• _Problem_
Please restate the listing word for word, omitting the images.

• _Collected material_
┄┄┄┄┄┄┄┄┄┄┄┄┄┄┄┄┄┄┄┄

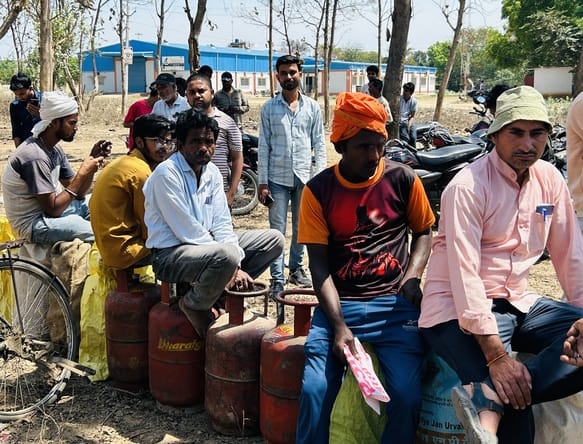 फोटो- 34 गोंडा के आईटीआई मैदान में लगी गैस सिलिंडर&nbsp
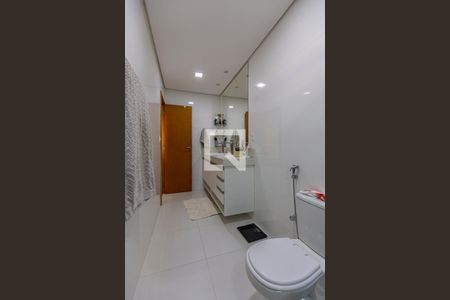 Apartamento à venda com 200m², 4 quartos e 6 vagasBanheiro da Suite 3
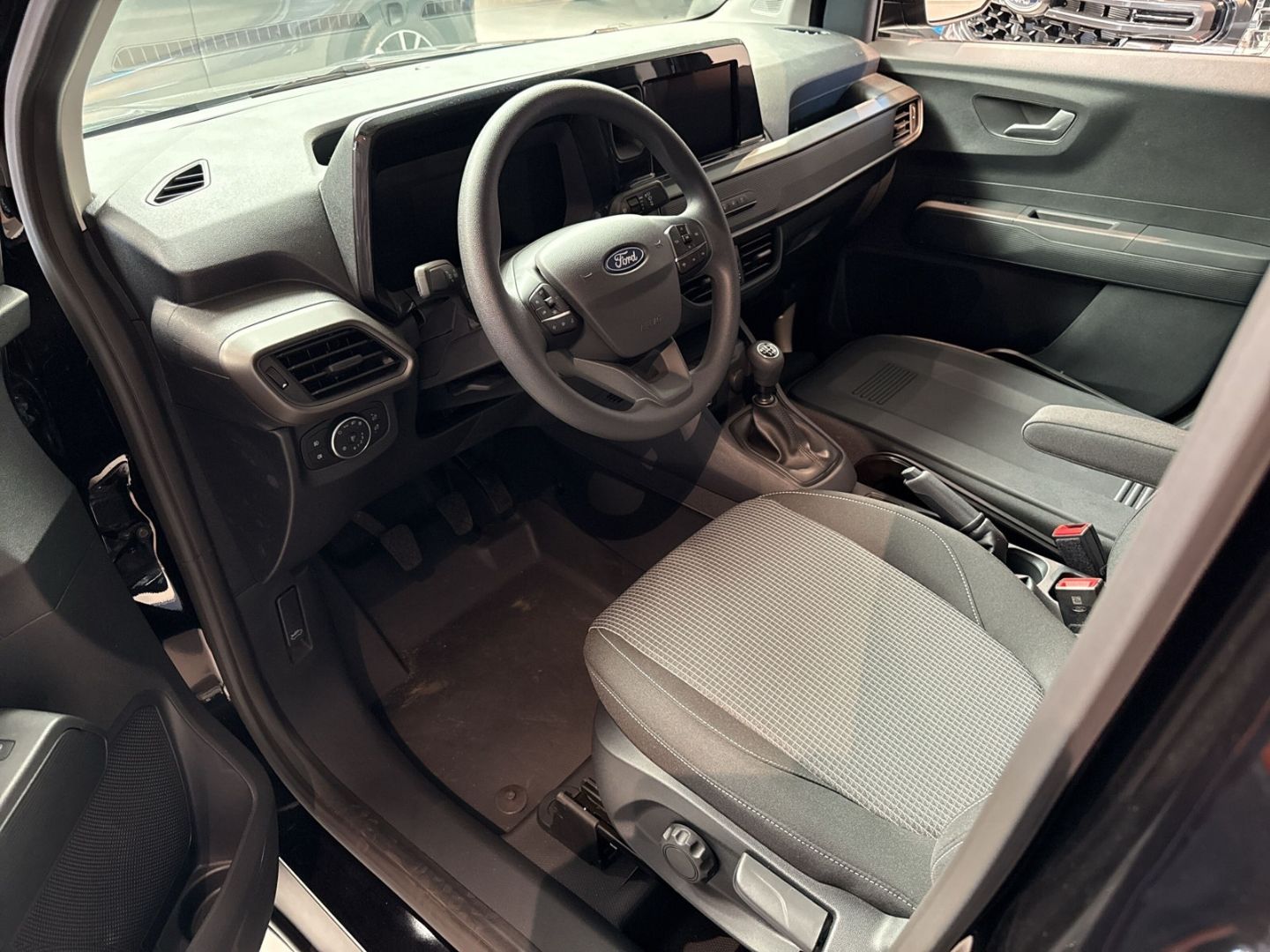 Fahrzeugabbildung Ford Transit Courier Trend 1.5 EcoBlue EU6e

┄┄┄┄┄┄┄┄┄┄┄┄┄┄┄┄┄┄┄┄

• _Solved problem_
 फोटो- 34 गोंडा के आईटीआई मैदान में लगी गैस सिलिंडर&nbsp
 Apartamento à venda com 200m², 4 quartos e 6 vagasBanheiro da Suite 3
 Fahrzeugabbildung Ford Transit Courier Trend 1.5 EcoBlue EU6e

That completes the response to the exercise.